# Material to process
•••
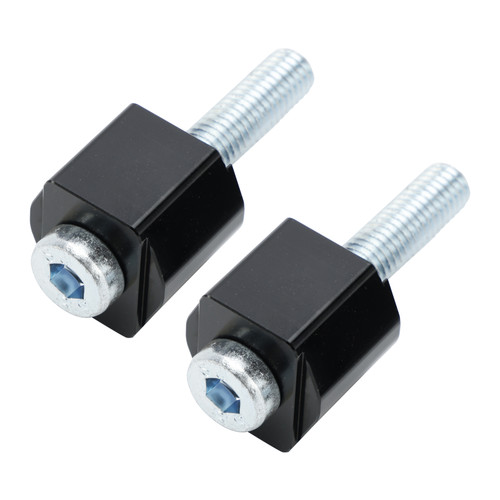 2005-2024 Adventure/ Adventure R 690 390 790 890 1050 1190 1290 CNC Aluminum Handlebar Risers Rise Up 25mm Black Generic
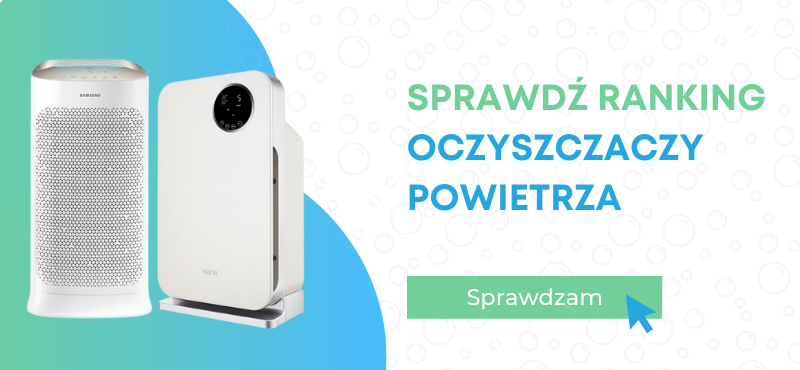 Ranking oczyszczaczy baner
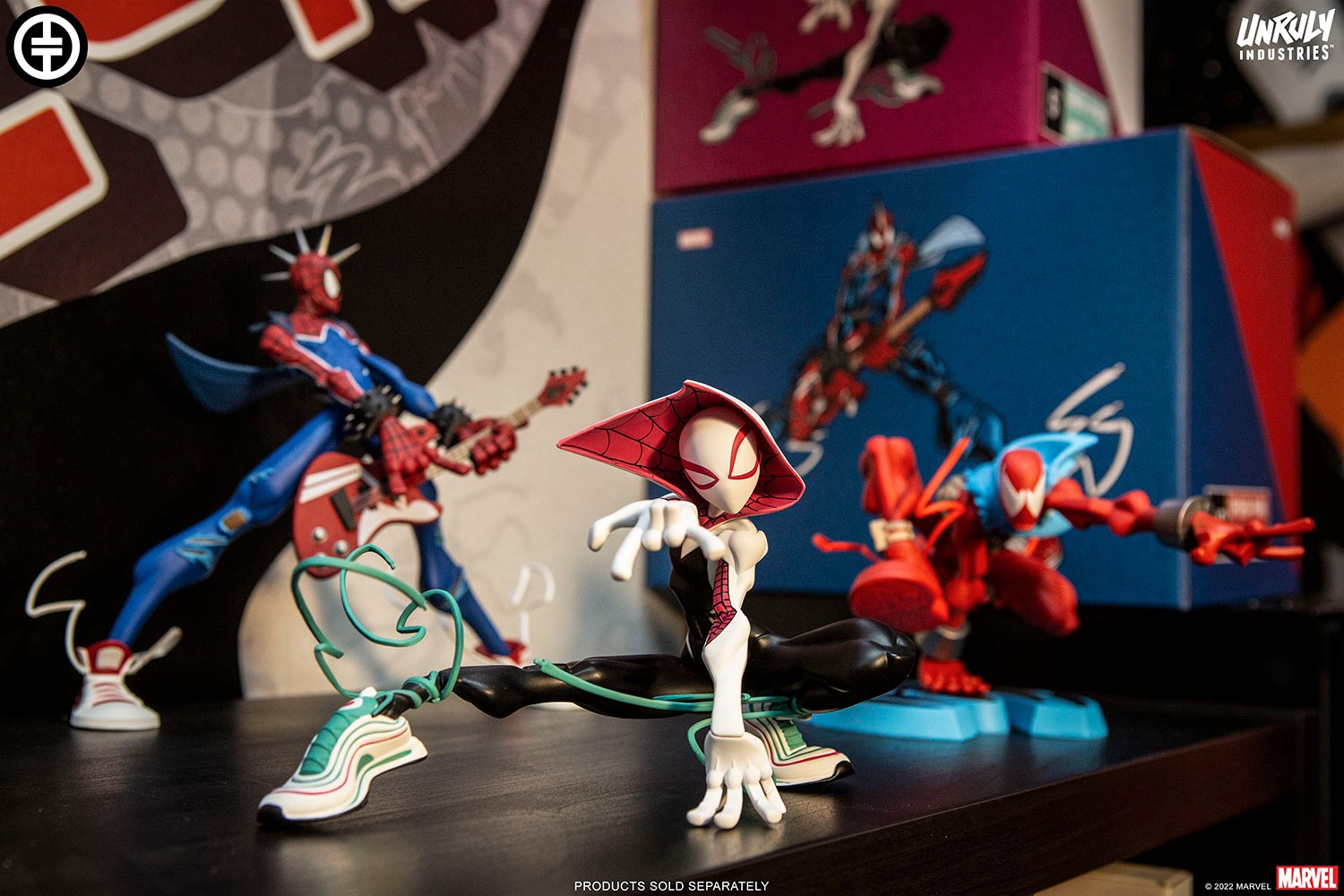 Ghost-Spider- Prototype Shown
•••
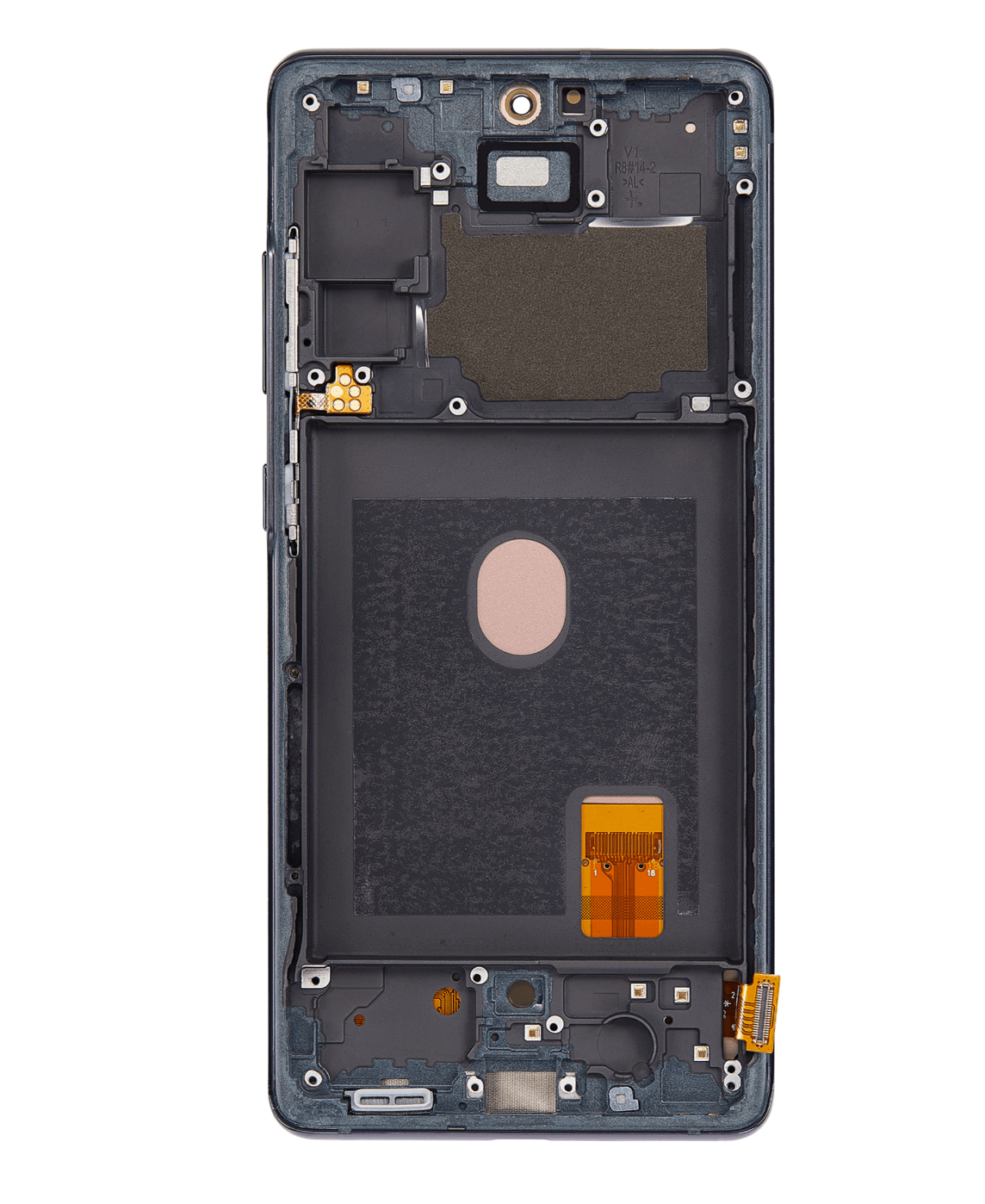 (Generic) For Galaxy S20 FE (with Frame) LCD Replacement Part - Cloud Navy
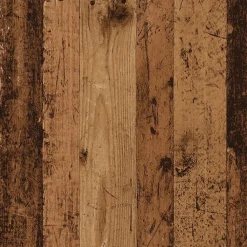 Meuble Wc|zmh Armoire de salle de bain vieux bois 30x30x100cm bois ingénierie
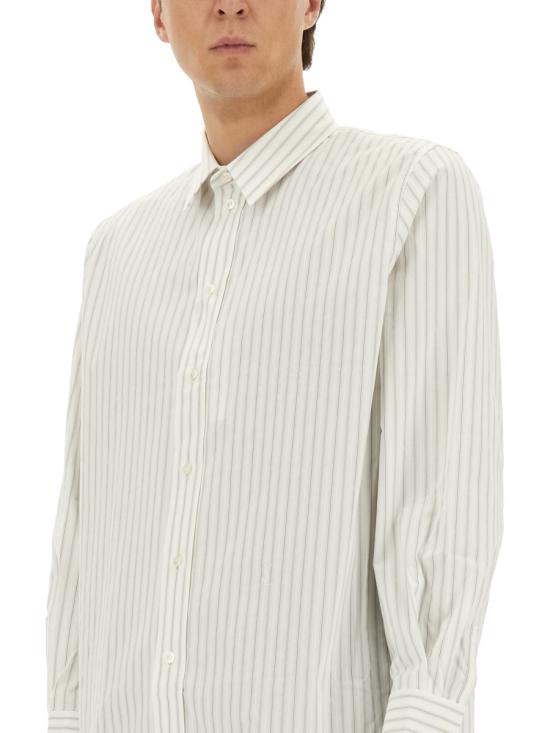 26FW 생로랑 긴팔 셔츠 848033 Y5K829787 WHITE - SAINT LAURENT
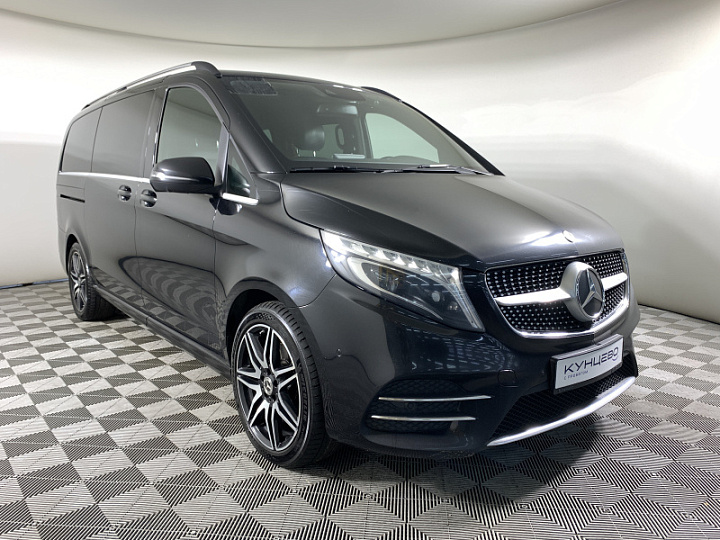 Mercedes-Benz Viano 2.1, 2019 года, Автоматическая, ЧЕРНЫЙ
•••
# The task
Each line above from the one containing "Ranking oczyszczaczy baner" through the one containing "Ghost-Spider- Prototype Shown" is to be returned verbatim. Nothing else, and no pictures.

# Task solution
 Ranking oczyszczaczy baner
 Ghost-Spider- Prototype Shown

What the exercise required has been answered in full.